*GOAL OF THE EXERCISE:*
Drop the images, then output the listing exactly.

*SUPPLIED MATERIAL:*
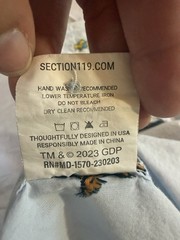 Grateful Dead Section 119 Dancing Bears Shirt Mens S Small Short Sleeve Oxford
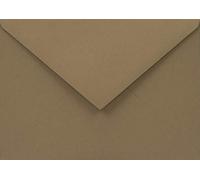 Netuno 500x busta lettera marrone formato C6 114x 162 mm 140g Woodstock Noce busta da lettere elegante busta carta reciclata per matrimonio compleanno battesimo comunione invito partecipazione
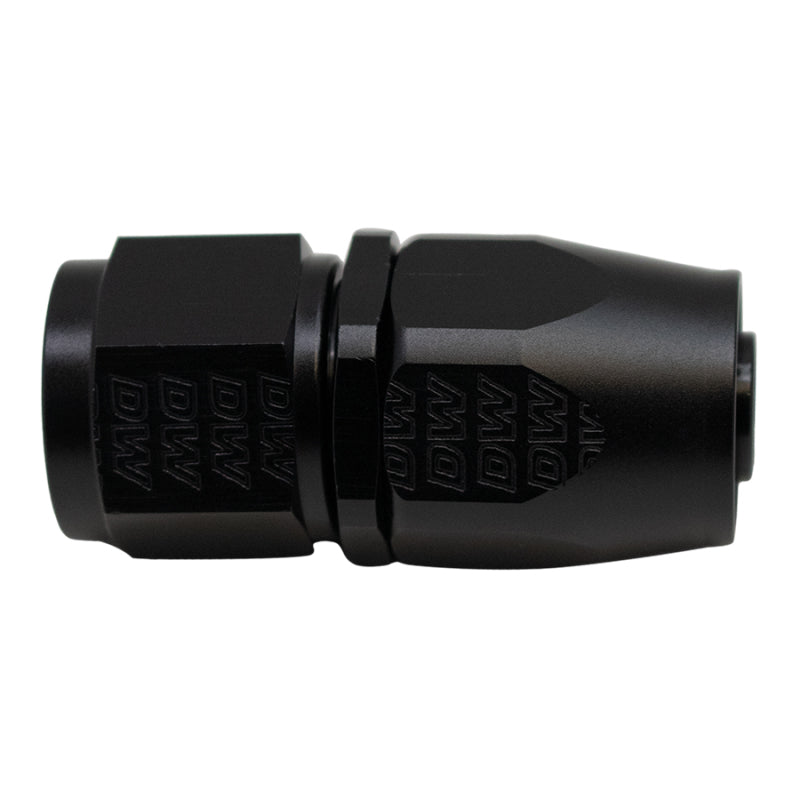 DeatschWerks 10AN Female Swivel Straight Hose End CPE - Anodized Matte Black-thumbmail-1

*RESULT BELOW:*
 Grateful Dead Section 119 Dancing Bears Shirt Mens S Small Short Sleeve Oxford
 Netuno 500x busta lettera marrone formato C6 114x 162 mm 140g Woodstock Noce busta da lettere elegante busta carta reciclata per matrimonio compleanno battesimo comunione invito partecipazione
 DeatschWerks 10AN Female Swivel Straight Hose End CPE - Anodized Matte Black-thumbmail-1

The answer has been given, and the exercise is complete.